Don’t forget. Don’t forget.
Floating.
Don’t… forget…don’t…
Lila shook her head. What was I thinking? Panic started to set in as she couldn’t remember what it was. Something important. She gasped as memory returned. Don’t forget. What’s my strongest memory?
Lila fought the fog pushing in on her mind. A memory to hold on to… think of something… She took a deep breath, calmed herself and thought hard. And a memory, vibrant and bittersweet, suddenly came to her.
Ramsey.
*****
Ramsey snapped awake with a jerk. He could feel the fire inside him burning and took a moment to calm himself, bringing the inferno back down to smoldering embers. As soon as he felt under control, he allowed himself to think about what had just happened.
He’d been sleeping when suddenly he was standing in a thick grey mist.
“Selene?” he called out. He knew she had the ability to visit people in their dreams, though she’d never done so with him.
Ramsey waited, listening.
“Ramsey.” Lila’s voice, though it sounded barely above a whisper, tore through him.
Ramsey took off at a sprint in the direction he thought it’d come from. “I’m here!” he yelled. “Lila?”
The thick fog parted, and suddenly he could see her. Ramsey stopped dead in his tracks.
What the hell?
Lila was swimming in a pond, laughing, looking like a water sprite. And Ramsey could see himself there already. He was standing on the shore watching. They were talking, but he couldn’t hear what they were saying. Ramsey tried to move closer, but couldn’t. Then Lila pulled back her arm and sent a spray of water splashing toward the version of him she was talking to.
And that’s when he’d jerked awake.
He recognized the scene he’d been watching.

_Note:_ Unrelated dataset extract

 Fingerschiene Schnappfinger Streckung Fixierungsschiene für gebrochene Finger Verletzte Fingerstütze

He’d lived it once... a long time ago.
Chapter 6
“Ramsey? You here?”
The sound of Charlotte’s voice snapped Ramsey out of his reverie. He hadn’t thought of that moment with Lila in the pond in a long time. He’d p
ainstakingly pushed the memory of that night to the bottom of his mind.
Shocked, he realized it was already morning. He should’ve been awake and packing up camp a while ago.

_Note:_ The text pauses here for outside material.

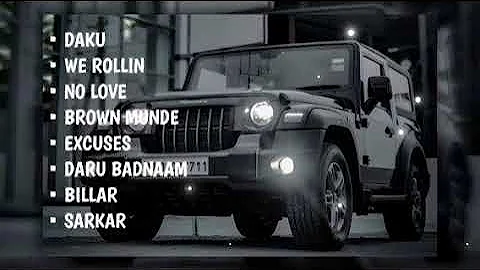 Non Stop Gangster Song | Daku Lofi | WE Rolin | Sarkar | No Love | Excuses | Billar | it s Akash🎧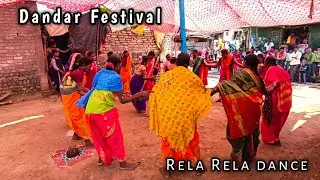 Dandar Festival // Rela Rela Dance // Borgaon bk // shubham kinnake vlogs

“Yeah,” he called out. “Just a sec.” With a grunt, he rolled up his sleeping bag and unzipped the little door to the tent.
“You okay?” Dexter asked.
Ramsey glanced up from tying his shoes. “I’m fine.” He stood up and gave them both a hug.

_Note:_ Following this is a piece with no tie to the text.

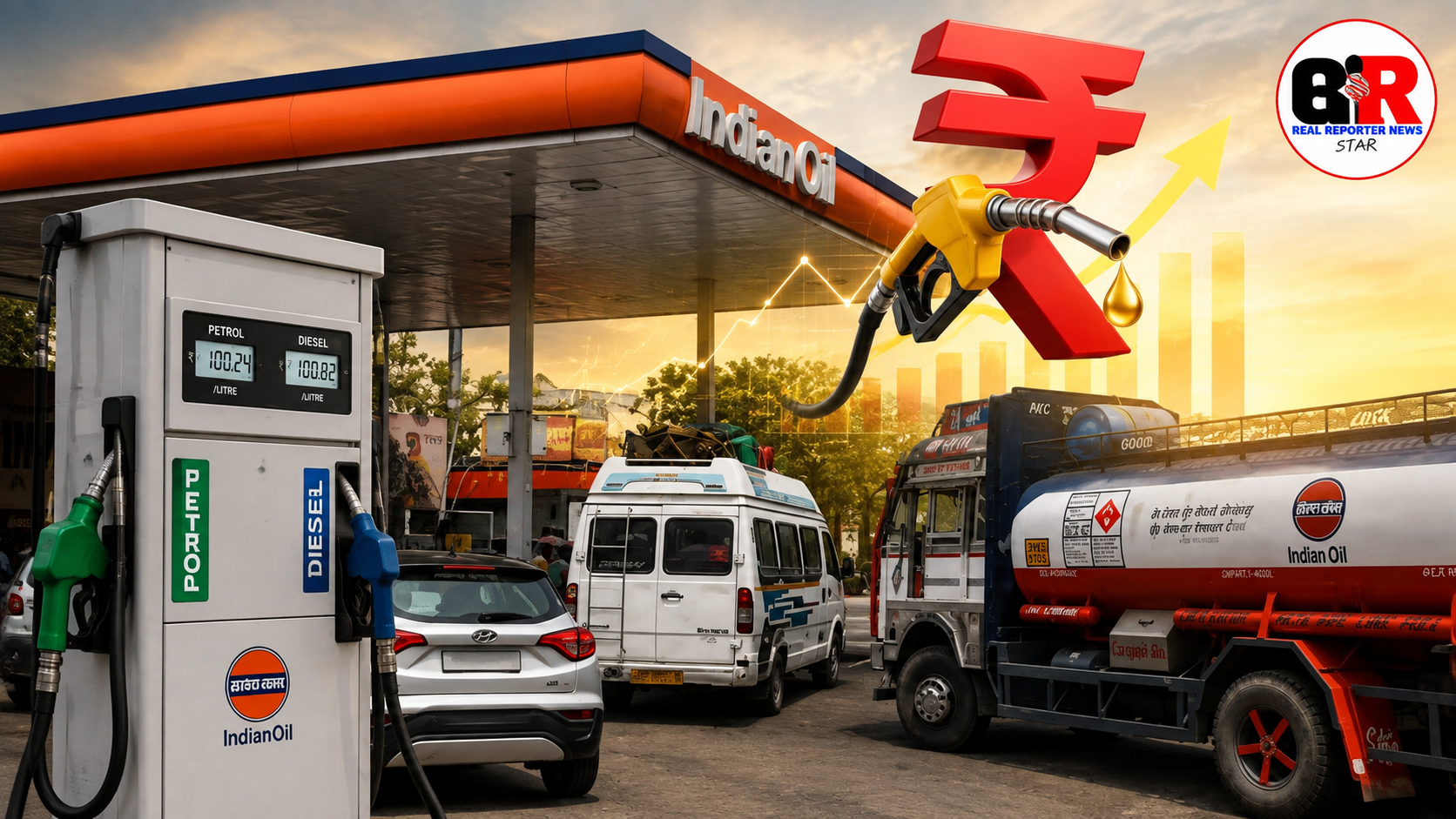 Petrol Diesel Price Today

Charlotte handed him a bag full of food, clean clothes, and a charged cell phone. There weren’t a lot of outlets in the woods. Not that he got a signal most of the time out here anyway, but it was better than nothing.
“Thanks,” Ramsey said. He glanced at the dying campfire and tossed a few small branches on it. Then he went about getting his breakfast started. Charlotte insisted on helping him, so he let her take over and settled on a nearby log.
“So how are things at Castle Werewolf? How’s Mary doing, Dex?” Ramsey asked. Until just recently, Dexter had thought that his mother was dead. When Maddox had attacked the castle and revealed a set of dungeons, they’d found his mother in there.
Dexter shook his head. “She remembers more every day, but so far nothing significant.”
Charlotte patted him on the knee. “At least she’s alive and well.”
“How are you getting along with your new mother-in-law?” Ramsey teased Charlotte.
She playfully threw a handful of pine needles at him. Dexter had found Charlotte, his te’sorthene, after his mother had disappeared many years before.
“You know my mother died giving birth to me,” Charlotte said. “So I love having a mother, even if she can’t remember the past three hundred years very well.”
“Is Mary sleeping better?” Ramsey asked. He knew that Dexter’s mom had nightmares that kept her up nights, all about being kidnapped again.
“Now that we’ve moved her into the same room as Angelica, she’s doing better. As soon as Angie got near her, Mom conked right out.” Angelica was one of Selene’s Vyusher who had the gift of soothing anyone in close proximity to her.
“I thought Angelica never left the side of our little sleeping girl,” Ramsey said.